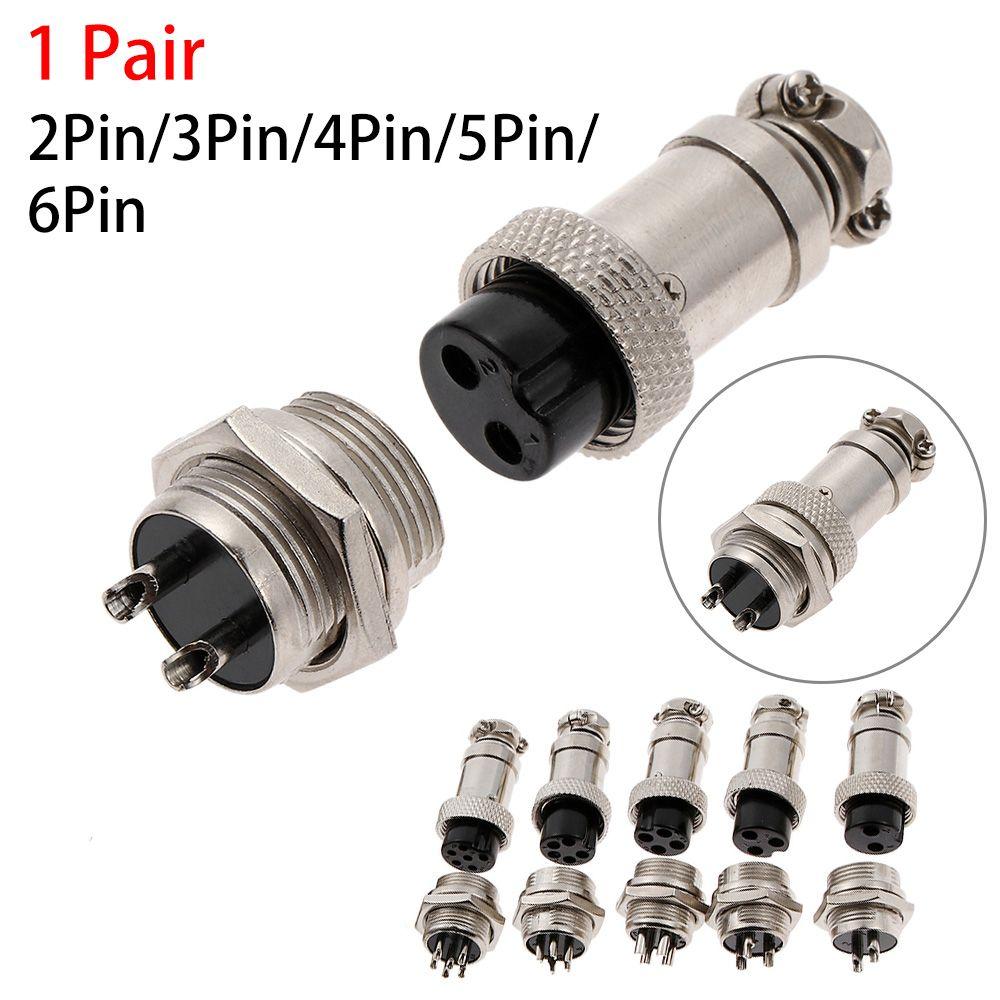 1Pair High Quality 12mm 2/3/4/5/6 Pin Aviation Socket Plug  Wire Panel Connector  GX12  Male&Female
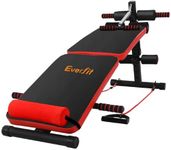 Everfit Weight Bench Incline Gym Sit up FID Benches Press Weights Exercise Fitness Equipment Home Workout Fits for Multi Station Smith Machine, With 100kg Capacity and 7 Adjustable Height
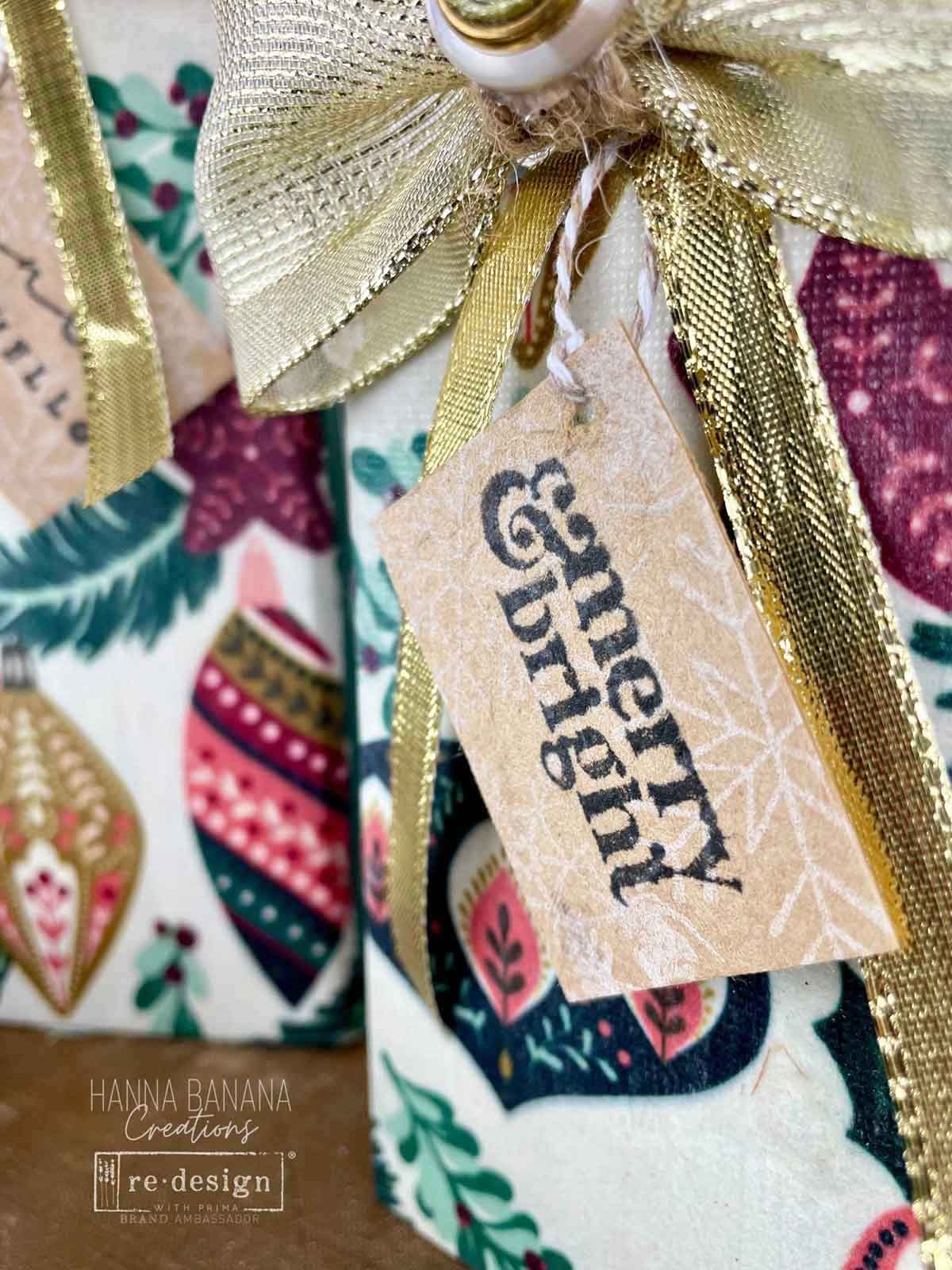 Redesign Decor Stamp "Here Comes Santa" 21,5 x 28 cm - Image 7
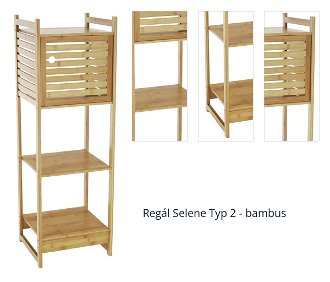Regál Selene Typ 2 - bambus 1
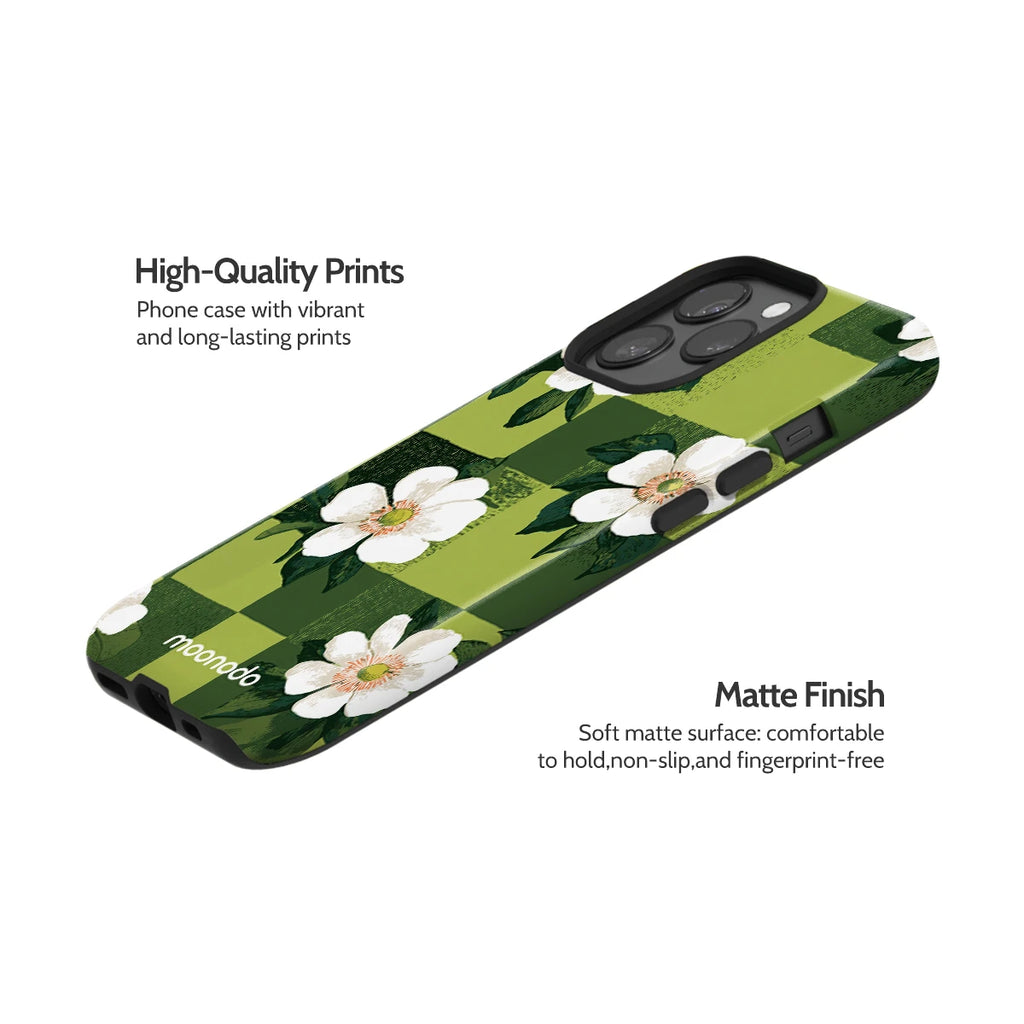 Emerald Bloom - iPhone 13 Pro Case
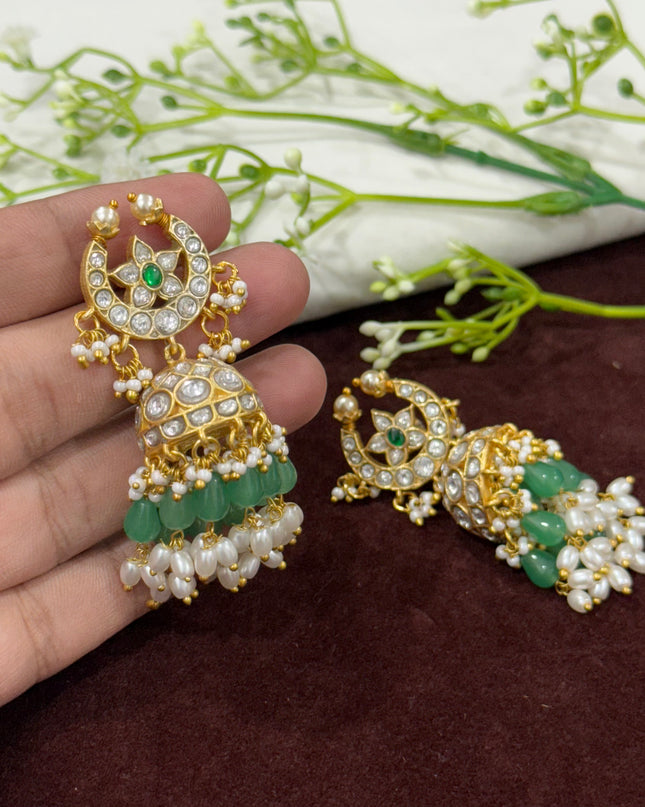 Kundan Earrings 108030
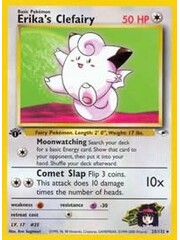 Pokemon Erika's Clefairy (025) UNL Lightly Played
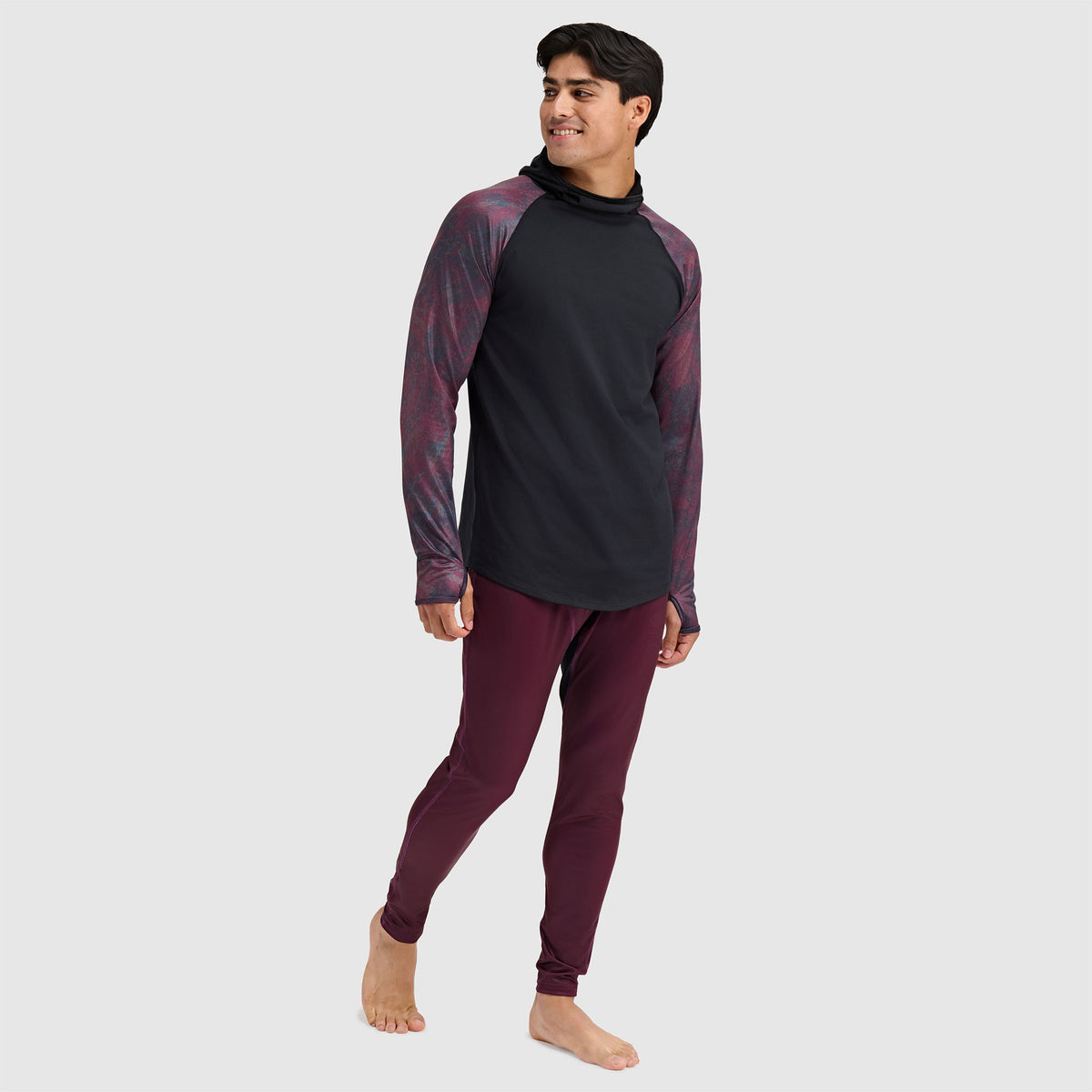 BlackStrap Men's Vista Baselayer Hoodie #color_pulse cherry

========

# Directions for this task:
Retype each entry precisely. Skip images entirely.

# The completed task:
 1Pair High Quality 12mm 2/3/4/5/6 Pin Aviation Socket Plug  Wire Panel Connector  GX12  Male&Female
 Everfit Weight Bench Incline Gym Sit up FID Benches Press Weights Exercise Fitness Equipment Home Workout Fits for Multi Station Smith Machine, With 100kg Capacity and 7 Adjustable Height
 Redesign Decor Stamp "Here Comes Santa" 21,5 x 28 cm - Image 7
Regál Selene Typ 2 - bambus 1
 Emerald Bloom - iPhone 13 Pro Case
 Kundan Earrings 108030
 Pokemon Erika's Clefairy (025) UNL Lightly Played
 BlackStrap Men's Vista Baselayer Hoodie #color_pulse cherry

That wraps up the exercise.